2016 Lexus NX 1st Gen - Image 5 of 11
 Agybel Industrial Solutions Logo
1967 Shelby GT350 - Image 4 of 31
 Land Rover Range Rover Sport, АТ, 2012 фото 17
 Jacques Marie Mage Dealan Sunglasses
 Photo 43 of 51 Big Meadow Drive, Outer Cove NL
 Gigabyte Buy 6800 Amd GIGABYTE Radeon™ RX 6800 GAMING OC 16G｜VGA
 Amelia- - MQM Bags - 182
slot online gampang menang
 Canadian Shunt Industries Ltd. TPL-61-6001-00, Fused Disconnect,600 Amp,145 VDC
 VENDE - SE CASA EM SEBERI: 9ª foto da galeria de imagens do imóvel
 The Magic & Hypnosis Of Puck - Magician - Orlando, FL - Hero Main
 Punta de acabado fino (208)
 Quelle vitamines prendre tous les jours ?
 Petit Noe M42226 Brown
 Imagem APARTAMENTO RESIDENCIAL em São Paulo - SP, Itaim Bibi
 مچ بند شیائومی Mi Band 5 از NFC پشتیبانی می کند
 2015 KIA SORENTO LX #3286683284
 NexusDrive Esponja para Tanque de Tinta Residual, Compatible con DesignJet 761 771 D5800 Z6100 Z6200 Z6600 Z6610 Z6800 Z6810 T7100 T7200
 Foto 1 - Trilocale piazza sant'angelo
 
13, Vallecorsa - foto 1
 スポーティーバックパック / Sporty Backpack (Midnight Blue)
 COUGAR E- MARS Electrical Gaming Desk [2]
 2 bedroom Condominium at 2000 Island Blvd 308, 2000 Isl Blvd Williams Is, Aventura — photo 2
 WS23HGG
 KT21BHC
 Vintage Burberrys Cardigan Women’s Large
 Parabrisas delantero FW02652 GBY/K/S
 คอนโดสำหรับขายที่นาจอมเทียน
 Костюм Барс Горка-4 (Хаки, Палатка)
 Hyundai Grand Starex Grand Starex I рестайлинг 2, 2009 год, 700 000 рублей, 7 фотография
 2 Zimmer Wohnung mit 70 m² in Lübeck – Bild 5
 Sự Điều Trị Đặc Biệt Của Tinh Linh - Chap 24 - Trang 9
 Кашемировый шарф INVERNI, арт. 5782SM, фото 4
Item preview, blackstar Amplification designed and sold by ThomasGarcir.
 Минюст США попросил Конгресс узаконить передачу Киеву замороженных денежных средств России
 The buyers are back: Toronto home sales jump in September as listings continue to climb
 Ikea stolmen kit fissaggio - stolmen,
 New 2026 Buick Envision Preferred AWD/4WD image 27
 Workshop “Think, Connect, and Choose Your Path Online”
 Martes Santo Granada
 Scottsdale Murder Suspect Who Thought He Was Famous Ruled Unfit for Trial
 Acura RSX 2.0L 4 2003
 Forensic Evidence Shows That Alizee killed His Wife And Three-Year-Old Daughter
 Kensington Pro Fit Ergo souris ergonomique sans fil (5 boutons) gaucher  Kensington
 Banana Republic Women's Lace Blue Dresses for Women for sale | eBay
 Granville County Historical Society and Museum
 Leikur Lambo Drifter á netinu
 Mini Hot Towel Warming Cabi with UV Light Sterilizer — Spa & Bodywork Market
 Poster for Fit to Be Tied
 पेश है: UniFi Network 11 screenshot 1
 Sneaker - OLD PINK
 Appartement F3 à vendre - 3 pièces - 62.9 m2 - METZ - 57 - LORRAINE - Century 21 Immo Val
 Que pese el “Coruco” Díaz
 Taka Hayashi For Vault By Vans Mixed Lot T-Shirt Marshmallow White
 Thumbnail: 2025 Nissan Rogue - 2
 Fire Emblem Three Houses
━━━
§ **Problem**
Copy out exactly, and only, the lines from the one that contains "Leikur Lambo Drifter á netinu" through the last line of the material above.

§ **Response to the exercise**
 Leikur Lambo Drifter á netinu
 Mini Hot Towel Warming Cabi with UV Light Sterilizer — Spa & Bodywork Market
 Poster for Fit to Be Tied
 पेश है: UniFi Network 11 screenshot 1
 Sneaker - OLD PINK
 Appartement F3 à vendre - 3 pièces - 62.9 m2 - METZ - 57 - LORRAINE - Century 21 Immo Val
 Que pese el “Coruco” Díaz
 Taka Hayashi For Vault By Vans Mixed Lot T-Shirt Marshmallow White
 Thumbnail: 2025 Nissan Rogue - 2
 Fire Emblem Three Houses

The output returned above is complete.